Netflix released all thirteen episodes of its own original series Jessica Jones, inspired by the hit Marvel comic The Pulse, on 11th November. Since then, the world has never quite been the same: it’s all purple…

Jessica Jones is the most relatable, kick-ass hero ever. She is completely self-deprecating, drinks a lot, and wears the same jeans for days. It’s her story and her power that we can’t identify with as an audience, though, and Krysten Ritter portrays this effortlessly. Miss Jones has strength (both mentally and physically) and she can stop a slow moving car with one hand, break a marble sink and throw a huge, six-foot tall man across a room and through a wall. Like I said, kick-ass.

Melissa Rosenberg, who created the Netflix series, crafts the character of Jessica as someone who is very fragile, yet extremely strong. Jones suffers from Post Traumatic Stress Disorder after her encounter with a mind-controlling, purple-loving villain named Kilgrave, played by David Tennant. Her PTSD results in flashbacks, nightmares and feelings of worthlessness – Jones is a superhero with her own issues, ultimately emphasising her parallels with our own lives.

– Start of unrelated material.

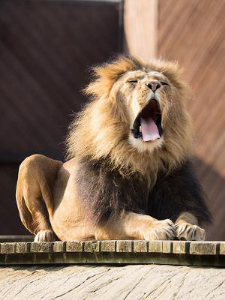 ライオン(株)【4912】 🦁ようやくお目覚め！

David Tennant’s character of Kilgrave in Jessica Jones is compelling. Tennant’s Doctor Who fans may want to not watch as Kilgrave comes with mind control, resulting in him raping people, making them end their own lives and, as episode ten shows us, give their soon-to-be ex-wife ‘1000 cuts’. Kilgrave is vindictive, borderline psychopathic (if it wasn’t for his obsession with Jessica, he’d be a psychopath) and completely frightening – those of us who fell in love with Tennant as the Doctor will have never been scared of him, but we are in Jessica Jones.

The plot of all thirteen episodes is thrilling right from beginning to the end and the fact we don’t see Kilgrave for real until episode five has the suspense at an all-time high. We see Jessica almost get Kilgrave so many times, policemen handcuffed to a wall to be a witness of his mind-controlling abilities, lawyers blackmailed and so many deaths. It all starts with Hope Shlottman, whose case tips off Jessica, a private eye in New York City, that Kilgrave is back. The following twelve hours are all about how she gets to him. And it is gripping.

While the ending cannot be discussed too much, it isn’t a let down. It makes you want to jump off the sofa you binge-watched all thirteen hours on and give a round of applause. Jessica Jones isn’t the average series about superheroes and adventure – it is dark and twisted, but ridiculously addictive. Here at b**p, we give it nine out of ten stars (and most of them are for Krysten Ritter and David Tennant’s extraordinary acting).